- _INFORMATION SUPPLIED_
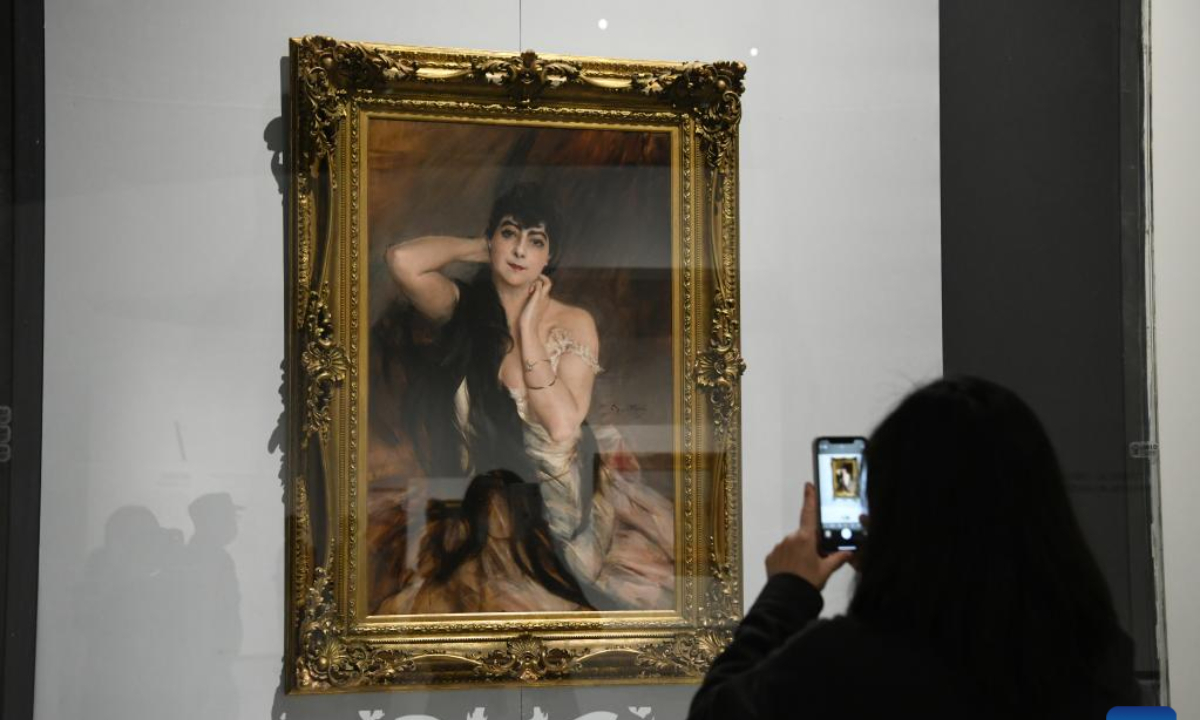 A visitor takes photos of a painting at an exhibition of modern and contemporary European artworks in Chengdu Museum in Chengdu, southwest China's Sichuan Province, Nov 25, 2022. Photo:Xinhua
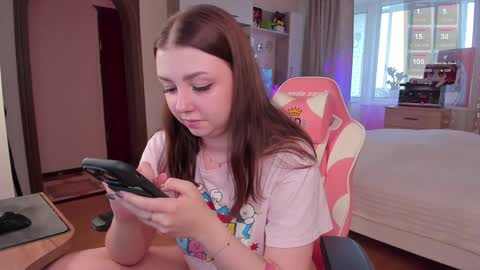 Elise    online show from 01.17.25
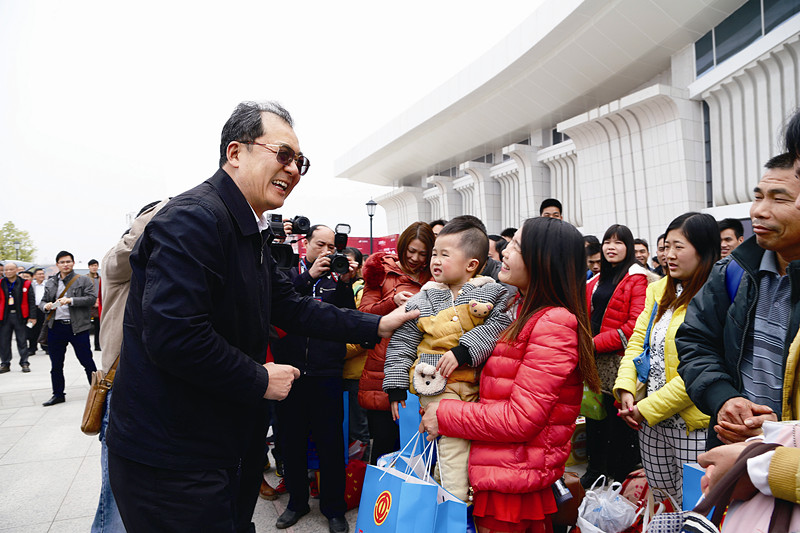 王跃飞在梧州迎接在粤务工返乡农民工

- _EXERCISE_
A faithful transcription of the material, with no pictures, is the expected result.

- _RESPONSE TO THE EXERCISE_
 A visitor takes photos of a painting at an exhibition of modern and contemporary European artworks in Chengdu Museum in Chengdu, southwest China's Sichuan Province, Nov 25, 2022. Photo:Xinhua
 Elise    online show from 01.17.25
 王跃飞在梧州迎接在粤务工返乡农民工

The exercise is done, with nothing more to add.